Here's an example of your program with the fix as well as a few other things like updating the data so it can be printed on the host.
% cat test.f90
program Test
implicit none
type dt
integer :: n
real, dimension(:), allocatable :: xm
end type dt
type(dt) :: grid
integer :: i
grid%n = 10
allocate(grid%xm(grid%n))
!$acc enter data copyin(grid)
!$acc enter data create(grid%xm)
!$acc kernels present(grid)
do i = 1, grid%n
grid%xm(i) = i * i
enddo
!$acc end kernels
!$acc update host(grid%xm)
print*,grid%xm
!$acc exit data delete(grid%xm, grid)
deallocate(grid%xm)
end program Test
% pgf90 -acc test.f90 -Minfo=accel -ta=tesla -V16.10; a.out
test:
16, Generating enter data copyin(grid)
17, Generating enter data create(grid%xm(:))
18, Generating present(grid)
19, Loop is parallelizable
Accelerator kernel generated
Generating Tesla code
19, !$acc loop gang, vector(128) ! blockidx%x threadidx%x
23, Generating update self(grid%xm(:))
1.000000 4.000000 9.000000 16.00000
25.00000 36.00000 49.00000 64.00000
81.00000 100.0000
Note that PGI 17.7 will include beta support true deep copy in Fortran.

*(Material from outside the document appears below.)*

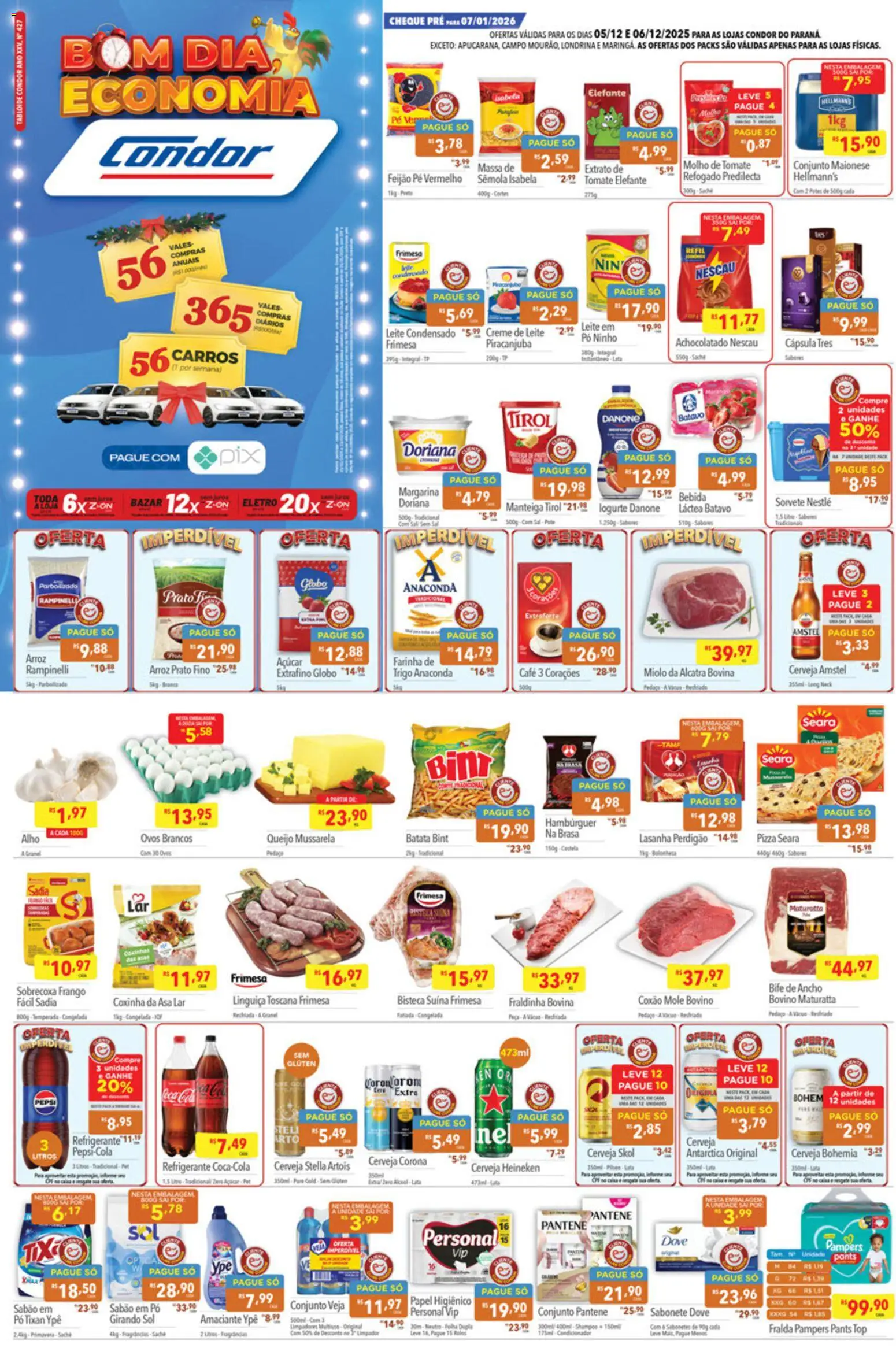 Supermercados Condor Folheto - válido de 05.12.2025 | Página: 1 | Produtos: Pampers, Leite, Sabonete, Maionese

As opposed to manual deep copy which you have above. Here's an example of using true deep copy:
% cat test_deep.f90
program Test
implicit none
type dt
integer :: n
real, dimension(:), allocatable :: xm
end type dt
type(dt) :: grid
integer :: i
grid%n = 10
allocate(grid%xm(grid%n))
!$acc enter data copyin(grid)
!$acc kernels present(grid)
do i = 1, grid%n
grid%xm(i) = i * i
enddo
!$acc end kernels
!$acc update host(grid)
print*,grid%xm
!$acc exit data delete(grid)
deallocate(grid%xm)
end program Test
% pgf90 -acc test_deep.f90 -Minfo=accel -ta=tesla:deepcopy -V17.7 ; a.out
test:
16, Generating enter data copyin(grid)
17, Generating present(grid)
18, Loop is parallelizable
Accelerator kernel generated
Generating Tesla code
18, !$acc loop gang, vector(128) ! blockidx%x threadidx%x
22, Generating update self(grid)
1.000000 4.000000 9.000000 16.00000
25.00000 36.00000 49.00000 64.00000
81.00000 100.0000
Upvotes: 1